Was der CDU noch bevorsteht, ist der kleineren Schwesterpartei bereits gelungen: die personelle Erneuerung. Während Kohls Nachfolger im Amt des Parteichefs, Schäuble, sich bisher allenfalls den Ruf eines Interregnums-Vorsitzenden erworben hat, gilt Edmund Stoiber als der eigentliche Nachfolger von Strauß. Seit dem letzten CSU-Parteitag, auf dem Waigel höflich in den Vorruhestand verabschiedet wurde, vereint Stoiber die beiden wichtigsten bayerischen Ämter in einer Person.

Zweifel an Stoiber gibt es in der CSU, deren nach wie vor bestehende Kraft zur inneren Erneuerung besonders bemerkenswert ist, so gut wie nicht mehr. Ein Wahlergebnis von 93,4 Prozent hätte besser nicht sein können. Nur besonders Waigel-treue Delegierte verübelten Stoiber per Stimmzettel den damaligen Machtkampf mit Waigel um das Amt des Ministerpräsidenten, als der kürzlich verstorbene Streibl wegen der Amigo-Affäre seinen Hut nehmen mußte.

Mit Waigel verläßt ein in seinen zentralen Aufgabenfeldern gescheiterter Politiker die politische Bühne. Als seinen größten Erfolg kann der Schwabe noch die Parteiarbeit verbuchen. Es gelang ihm in den letzten zehn Jahren, die CSU stabil zuhalten, auch wenn sich in der letzten Zeit bereits Stoiber als der heimliche Herr der Partei präsentierte. Seit 1990 machte Waigel 455 Milliarden
Mark neue Schulden in der Bundeskasse und hinterläßt damit eine für künftige Generationen kaum tragbare Erblast.

Unter Waigel zerfledderte das Steuerrecht völlig. Und eine Steuermoral gebe es praktisch nicht mehr, beklagte bereits vor Jahren Michael Streck, der Präsident des Deutschen Anwalt-Vereins. Die größten Fehler des Schwaben liegen in den beiden von ihm zu verantwortenden Währungsunionen. Die Teilnahme an der europäischen Währungsunion schaffte Waigel nur mit einer kühnen kreativen Buchführung. Sein Stabilitätspakt für die neue Währung ist löchrig wie ein Schweizer Käse. Die Inflationsgefahren für den Euro sind weiterhin nicht von der Hand zu weisen. Erst jetzt erweist sich die wahre Bedeutung eines Waigel-Wortes von 1988, er wolle nicht in Schuhe und Anzug von Franz Josef Strauß steigen. Die dafür erforderliche Größe hatte er nie.
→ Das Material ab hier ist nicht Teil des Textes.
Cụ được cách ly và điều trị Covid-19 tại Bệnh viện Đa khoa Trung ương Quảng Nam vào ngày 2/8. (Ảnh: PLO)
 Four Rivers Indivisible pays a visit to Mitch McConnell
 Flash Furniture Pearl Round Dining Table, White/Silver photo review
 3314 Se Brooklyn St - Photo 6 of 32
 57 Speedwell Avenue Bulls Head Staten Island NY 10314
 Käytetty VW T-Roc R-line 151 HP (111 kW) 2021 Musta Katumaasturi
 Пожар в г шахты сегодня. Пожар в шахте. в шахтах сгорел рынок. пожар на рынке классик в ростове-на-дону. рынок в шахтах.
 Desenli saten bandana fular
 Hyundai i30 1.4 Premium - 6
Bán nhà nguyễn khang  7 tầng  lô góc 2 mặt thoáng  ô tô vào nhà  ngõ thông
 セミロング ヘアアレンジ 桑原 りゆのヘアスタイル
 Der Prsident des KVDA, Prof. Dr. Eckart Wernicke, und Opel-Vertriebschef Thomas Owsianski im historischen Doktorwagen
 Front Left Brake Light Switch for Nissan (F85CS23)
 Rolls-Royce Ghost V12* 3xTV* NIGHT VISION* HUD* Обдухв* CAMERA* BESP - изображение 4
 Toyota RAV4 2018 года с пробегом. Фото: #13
Das wollte auf dem CSU-Parteitag niemand so deutlich sagen. Aber die Zeichen waren unverkennbar. So weigerte sich Waigel, den stets Euro-kritischen Stoiber als seinen Nachfolger vorzuschlagen. Und Stoiber weigerte sich, die unvermeidliche Laudatio auf den scheidenden Parteichef zu halten. Dies mußte schließlich der Vorsitzende der Landtagsfraktion, Alois Glück, tun. Glück absolvierte einen Spagat ohnegleichen. Er würdigte Waigel, um kurze Zeit danach Stoiber als "stärkste Lokomotive, über die wir für diese Aufgabe verfügen", zu loben.

Was ist nun Stoibers Erfolgsrezept? Der aus dem oberbayerischen Wolfratshausen stammende Politiker, den sie wegen seiner messerscharfen Argumentation auch "das blonde Fallbeil" nennen, besticht durch Fleiß und Detailwissen ohnegleichen. Stoiber, obwohl Strauß ebenbürtig, ist nicht der Typus des wurstigen und stets grantelnden Bierzelt-Akrobaten, obwohl er jede noch so große Halle zu füllen versteht. Sein größter Fehler ist vielleicht die einem Erfolgsmenschen innewohnende Ungeduld.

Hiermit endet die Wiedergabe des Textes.